Kathy: being able to activate something with a keyboard – touch target size, minimum, space requirement, so the question is what does this fall under, or is this best practice
Detlev: could put it under keyboard 2.1.1, but it's important to note that it's an ill fit and it really calls for a new guideline touch accessible
Tim: seems like a stretch to put under keyboard
Jon: at most be advisory right now– we need another item to cover touch – but advisory for now – that would cover other types of touch events and make sure they are accessible.

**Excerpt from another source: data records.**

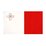 Flag Of Malta (Large) 5'x3' by OUTBOUND
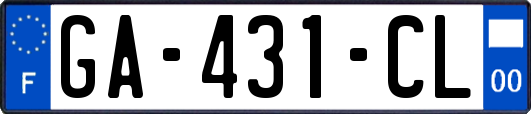 GA-431-CL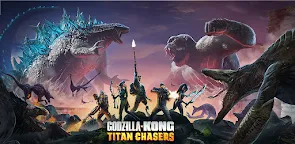 Screenshot 19: Godzilla x Kong: Titan Chasers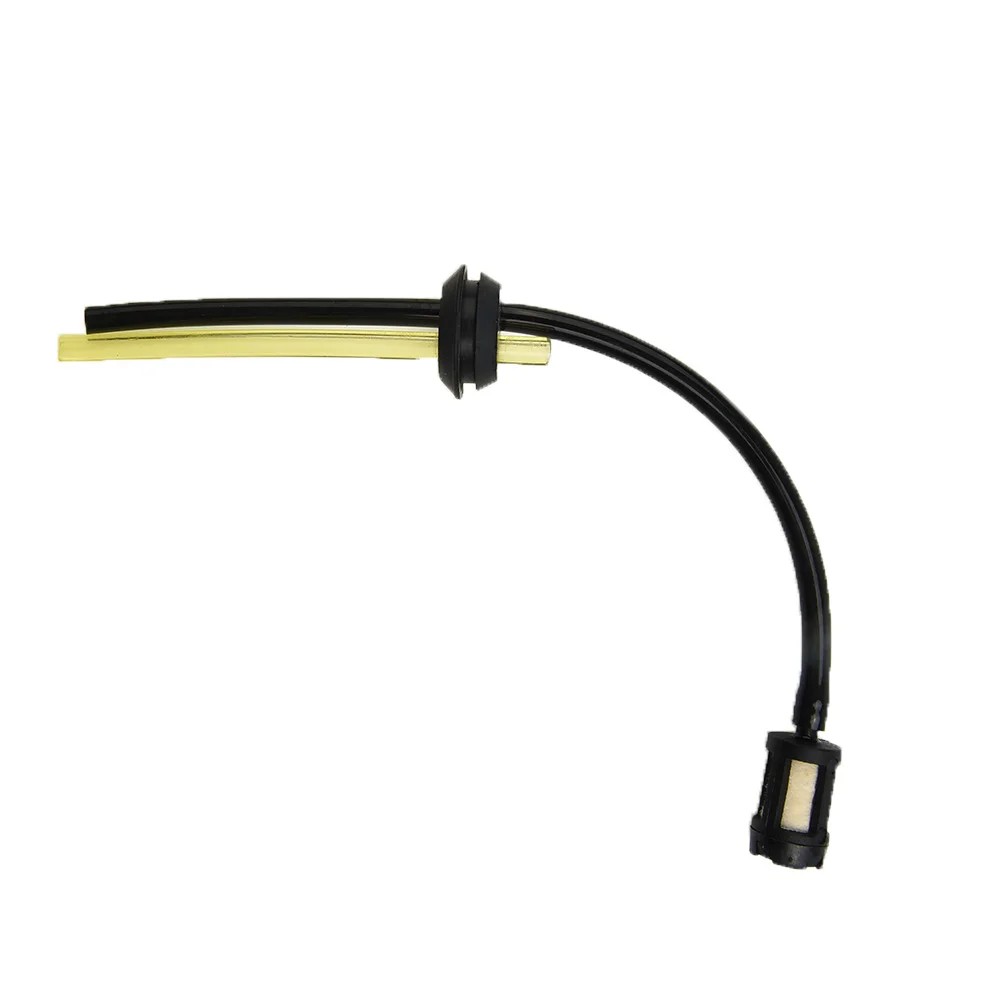 1xPetrol Fuel Line Hose Gas Pipe Tubing For Trimmer Chainsaw Blower Tools I4049743497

A lot of these advisory items were never completed they are just bullets
Kathy: even if we have things
just under advisory it's important that we pull these out into
a separate list of advisory because a lot of advisory never
gets looked at
... under advisory, but noted it's better as a new
guideline
... spacing requirements – best practice?
general agreement
<jon_avila> advisory to 2.1.1 perhaps?
Kathy: next – touch controls
Kathleen: is this specific to iOS – what is up touch and down touch?

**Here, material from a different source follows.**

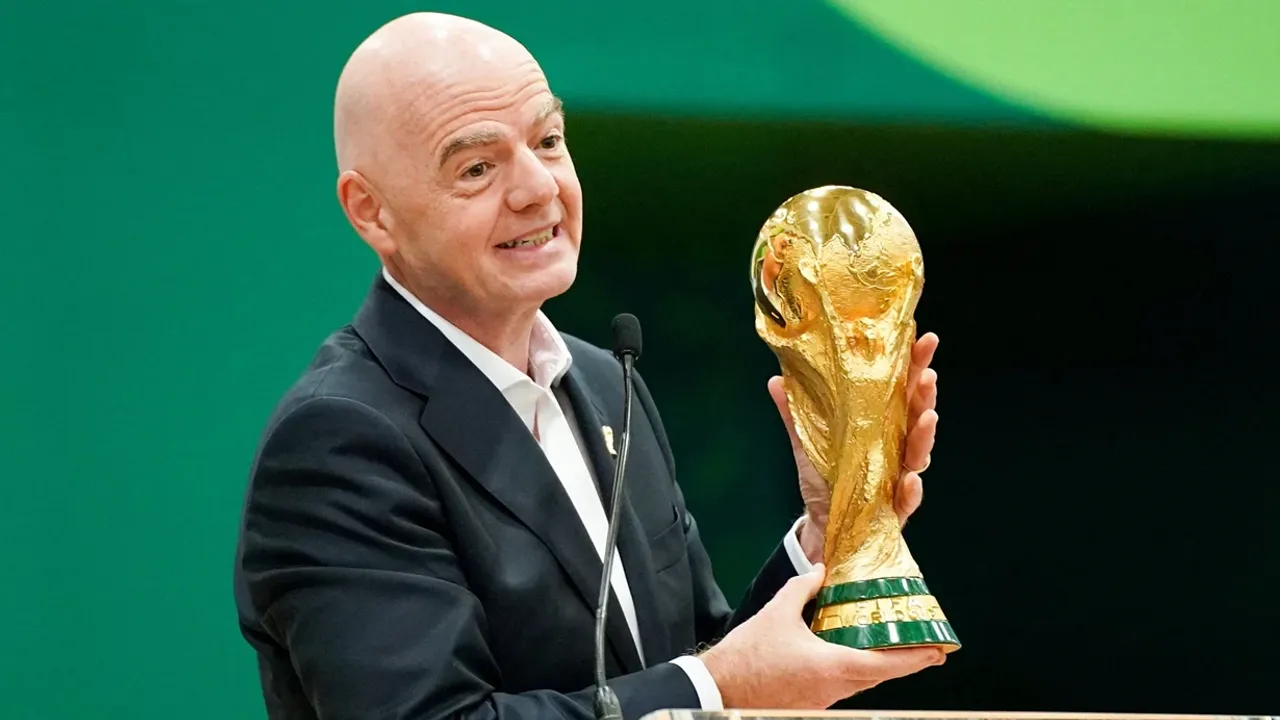FIFA'nın kararı şaşırttı: İsrail ile Filistin açılış maçında karşılaşabilirler!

Jon: when someone puts finger
down to touch a button but not quite the correct location, that
the button should activate without the user lifting up their
finger. The idea is to prevent users from accidentally pressing
things they didn't intend to press. But you have to be
exceptions to this
... it would have to be advisory or best practice. If advisory,
under 2.1.1
... possibly 3.2.1
Kathy: next – use of enhanced
contrast, currently best practice
... advisory technique under color contrast?
Jon: how is this different from
the AAA requirement? 1.4.6
... may be it was around inverse color high contrast or on
mobile devices because of where they are used you need better
contrast all the time, so AAA unless it was on a mobile device
and then AA
Detlev: because of size on a mobile device?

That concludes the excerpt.